Times have changed—quickly. Businesses have been forced to change too, especially if they want to continue to make a profit and serve their market. Although it is not easy to adapt to the changing times, for some, it is mandatory. You will not be able to sell your service or product when your doors are closed for business. If you continue to do business online, you are more likely to succeed during the crisis and beyond. Many companies are also noticing this online business not only sustaining them. Consumers, too, have been impacted by the added convivence; these preferences are unlikely to revert after the crisis is over.
Operating online presents risks for businesses of all sizes. Compliance with regulations and industry groups such as PCI will become more difficult for many businesses. It is clear your organization needs to instill a solid information security plan in place to face these everyday challenges. Your company might have already been an e-commerce business, but it is crucial to take the time to access your risk profile.
Below are a few recommendations as you take into consideration your company becoming an ecommerce company:
1. Update your website. Staying up to date with the latest available version heavily reduces your online risk.
2. Perform web application testing against your websites. Web application tests allow your company to know where holes may exist in your websites where attackers could use to both deface your site, or potentially host malware and other malicious programs for delivery.
3. Deploy a web application firewall to filter out the large majority of malicious traffic.
4. Specifically test your payment gateway and outsource payment methods where available. This both offsets risk as well as allows you to hold payment standards such as PCI off of your immediate risk.
5. Make the switch to HTTPS. This is a simple fix that not only will let your site be easier to reach, but at some point, sites without a secure certificate will not be able to be reached at all.

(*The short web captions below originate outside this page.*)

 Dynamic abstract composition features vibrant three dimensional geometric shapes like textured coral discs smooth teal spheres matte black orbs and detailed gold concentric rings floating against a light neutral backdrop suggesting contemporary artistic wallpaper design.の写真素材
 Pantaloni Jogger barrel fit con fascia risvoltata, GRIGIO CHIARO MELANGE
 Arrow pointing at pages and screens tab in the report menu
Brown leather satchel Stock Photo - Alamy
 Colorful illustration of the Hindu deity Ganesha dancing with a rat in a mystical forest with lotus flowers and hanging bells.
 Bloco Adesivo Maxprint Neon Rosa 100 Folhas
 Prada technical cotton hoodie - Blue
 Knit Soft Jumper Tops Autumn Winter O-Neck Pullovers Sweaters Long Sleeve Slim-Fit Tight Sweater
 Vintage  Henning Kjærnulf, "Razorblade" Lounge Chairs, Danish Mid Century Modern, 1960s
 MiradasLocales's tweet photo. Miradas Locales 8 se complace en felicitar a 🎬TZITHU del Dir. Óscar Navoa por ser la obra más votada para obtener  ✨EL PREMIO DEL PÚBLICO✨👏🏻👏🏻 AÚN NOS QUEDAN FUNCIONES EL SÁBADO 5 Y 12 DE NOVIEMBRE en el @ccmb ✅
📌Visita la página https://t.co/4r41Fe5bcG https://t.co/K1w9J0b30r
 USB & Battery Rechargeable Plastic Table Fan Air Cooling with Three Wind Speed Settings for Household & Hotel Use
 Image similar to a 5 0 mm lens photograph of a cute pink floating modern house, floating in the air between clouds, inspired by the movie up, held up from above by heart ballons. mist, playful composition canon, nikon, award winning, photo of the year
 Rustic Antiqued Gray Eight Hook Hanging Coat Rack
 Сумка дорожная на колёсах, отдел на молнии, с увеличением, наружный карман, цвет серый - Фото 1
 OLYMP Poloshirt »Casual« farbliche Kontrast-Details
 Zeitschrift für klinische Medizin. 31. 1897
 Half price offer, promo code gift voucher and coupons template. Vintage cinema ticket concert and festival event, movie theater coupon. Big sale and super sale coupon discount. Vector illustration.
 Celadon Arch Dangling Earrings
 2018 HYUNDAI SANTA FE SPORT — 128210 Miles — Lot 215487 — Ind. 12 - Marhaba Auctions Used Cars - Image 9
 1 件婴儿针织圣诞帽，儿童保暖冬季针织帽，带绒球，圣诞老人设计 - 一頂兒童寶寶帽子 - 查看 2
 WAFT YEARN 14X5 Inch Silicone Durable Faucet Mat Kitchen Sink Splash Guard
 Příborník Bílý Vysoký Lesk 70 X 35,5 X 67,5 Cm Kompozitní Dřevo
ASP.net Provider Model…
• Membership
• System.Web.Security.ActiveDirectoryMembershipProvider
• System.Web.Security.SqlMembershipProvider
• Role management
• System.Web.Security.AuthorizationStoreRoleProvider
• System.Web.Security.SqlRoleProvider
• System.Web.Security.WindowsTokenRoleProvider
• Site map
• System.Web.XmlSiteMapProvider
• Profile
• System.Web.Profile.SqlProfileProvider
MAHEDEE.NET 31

6. If you don’t have a cyber insurance policy, reach out to a broker. Although prevention is the best cure, these can be a lifeline during a major cyber-attack.
Implementing these six steps can save your organization from a business disruption or closure resulting from a cyber-attack. Now is not the time to have another impactful event to set your organization back. Be proactive with your organization’s security posture and avoid the headache and possible reputation crusher. It is not worth being in the news about something you could have easily prevented. Be there for your customers and allow them to continue to do business with you no matter what is happening in the world.